Printing group Novus stated on Friday that it had previously indicated it anticipated receiving a certificate of compliance on the transaction from the TRP on August 1, 2025. However, the TRP said it had received “certain complaints” and it had initiated an investigation into Novus' and Mustek's conduct concerning the mandatory offer.
In April, a High Court ruling declared as unconstitutional an earlier TRP ruling that the deal should not proceed, as the TRP found that Novus was “acting in concert” with the DRK Trust in structuring the transaction, which potentially put ICT distributor Mustek shareholders at a disadvantage.
Novus Holdings had announced its intention to acquire Mustek on November 15, 2025, triggering a mandatory offer after its shareholding in Mustek exceeded the 35% threshold. Mustek shareholders were given three options: R13 cash per Mustek share, R7 cash and one Novus share for each Mustek share, or 2 Novus shares for each Mustek share.
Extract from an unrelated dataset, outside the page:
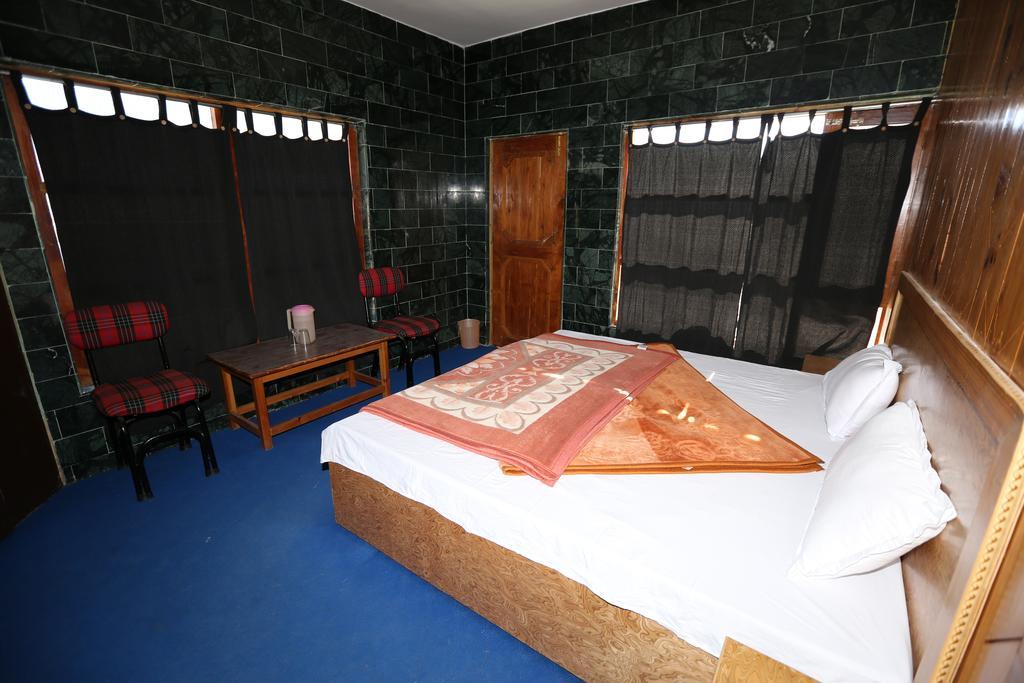 Hotel Ridge View Manāli Rum bild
“Novus and Mustek are engaging with the TRP to resolve the TRP investigation as soon as possible and will provide Mustek shareholders with updates when appropriate,” said Novus directors.
In the meantime, Novus is unable to proceed with the mandatory offer. Mustek shareholders who had accepted, or intended to accept, the mandatory offer should note that the settlement of the offer consideration would only occur after the TRP issues the required compliance certificate.
Novus’ share price fell 2.44% to R6.40 on Friday, while Mustek’s share price gained 3.69% to R13.50.